Thursday, May 28, 2009

Smoke and Mirrors - Veritas Disaster Recovery: Part 1: An unbootable root disk

I know my Data is there! I just mirrored it! At least it said it did?

Sometimes for whatever reason Veritas volume manger will mirror successfully but the mirror disk wont boot.
Perhaps you forgot to run vxbootsetup or it just didn't work correctly.

What if your primary root mirror now died and you had to get the data off the alternate disk but it wont boot!
Using some spare hardware here's what I went through.

I moved the un-bootable (Solaris 8) SCSI disk (mirror) from my Sunfire 4800 (D240 tray) into a spare Sunfire V240 system in my lab. It has 4 SCSI disk slots so it's a perfect recovery platform in this case.
We installed Veritas Volume manager 4.1 on Solaris 10 and encapsulated our root drive.
Here's the gotcha, to keep the new rootdg (Veritas root data disk) separate from the disk we are recovering we changed the default name rootdg to spamdg instead.

Once our Solaris 10 system disk was encapsulated and booted we could plug our bad mirror into a spare disk slot, plug a new disk into another spare slot and ufsdump the data to a new disk.
Heres the main steps.
  • The V240 installed with Solaris 10 was installed with Veritas VXVM 4.1
  • The root disk (disk0 slot) was encapsulated with rootdg renamed to spamdg (call it what you want, just NOT rootdg or bootdg)
  • The recovery source disk was installed in slot 2
  • A new target disk same size or larger was put in slot 3
  • system was booted and rootdg was imported
  • root / , var and opt filesystems were mounted.
  • new slices are created on the target disk.
  • target disk is newfs 'ed and mounted
  • ufsdump is used to copy the data to the new disk
  • new disk is manually un-encapsulated.
  • New disk is returned to original Sunfire 4800 system and is bootable.
  • New disk is remirrored for redundancy
Recovery platform:
  • I used a Spare Sunfire V240 which runs Solaris 10 (could have been Solaris 8 or 9.)
  • It has 4 disk slots I am using only disk0 as the boot disk. 4 slots are numbered disk 0,1,2,3.
  • I have the install CDROM for Veritas Storage foundation 4.1

Detailed steps

1. Remove the un-bootable Solaris 8 disk from the F4800 system's D240 media tray.

2. Install Veritas Volume manager (VXVM) on the V240 using the Veritas Storage Foundation install cd.

You will not be able to read the data on the disk unless you are on a system running Veritas Volume Manager. Encapsulate the root disk using the menu vxdiskadm.
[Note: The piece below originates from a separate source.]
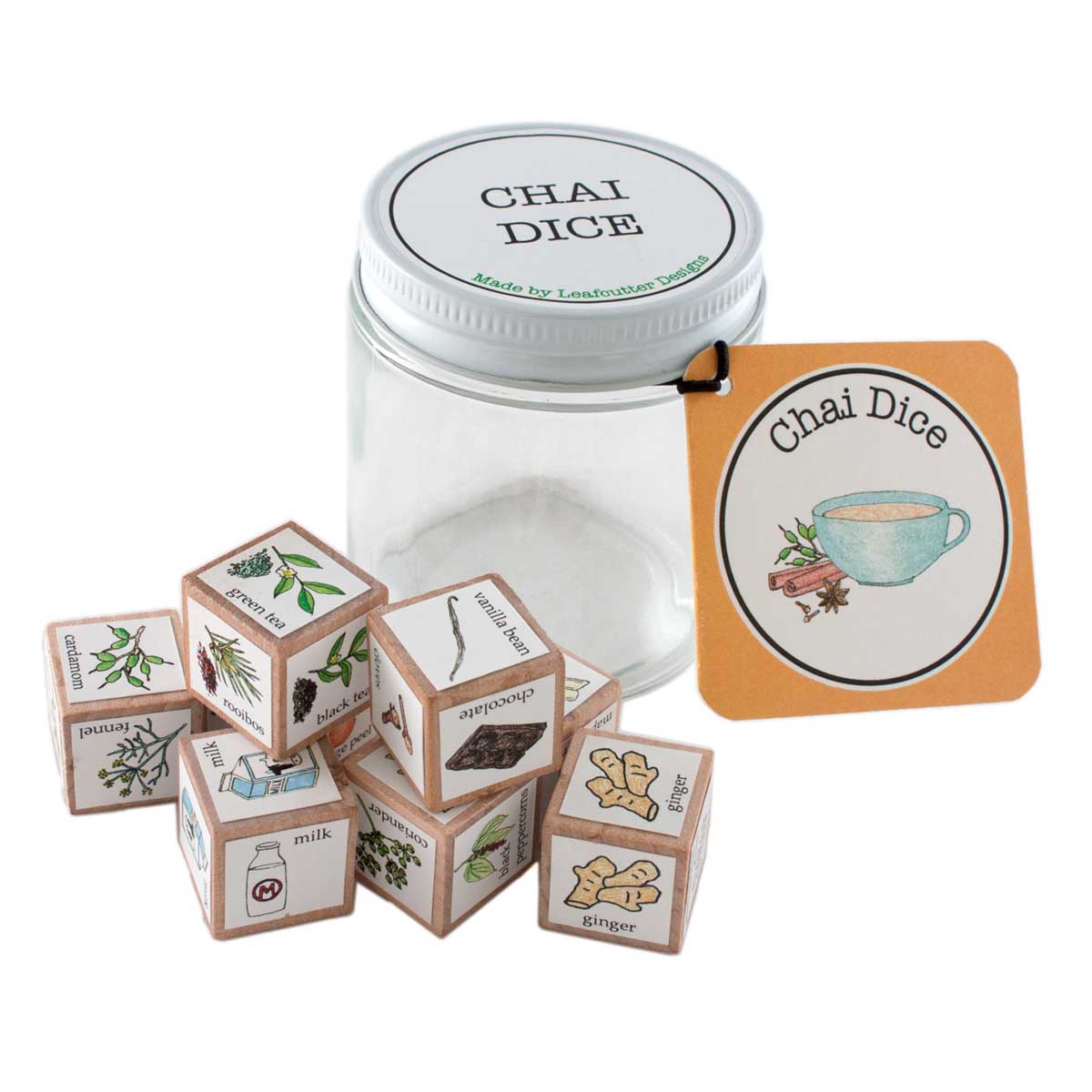 Chai Dice with Jar - Tea Gifts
When asked to create the rootdg (root data group) change the default name to prevent confusion with the rootdg from your source recoverdisk.

4. Plug in the Solaris 8 disk (Recovery source disk) to slot3 of the V240

5. If you have hot plugged the disk run this command to get Solaris and vxvm to see the disk.

# vxdiskconfig

VxVM INFO V-5-2-1401 This command may take a few minutes to complete execution Executing Solaris command: devfsadm (part 1 of 2) at 11:14:15 EDT Executing VxVM command: vxdctl enable (part 2 of 2) at 11:14:29 EDT
Command completed at 11:15:08 EDT

6. Import the rootdg of this disk
# vxdg -Cf import rootdg VxVM vxdg WARNING V-5-1-560 Disk rootdisk1: Not found, last known location: c0t0d0s2

The error is because the disk had formerly been one of a mirrored pair.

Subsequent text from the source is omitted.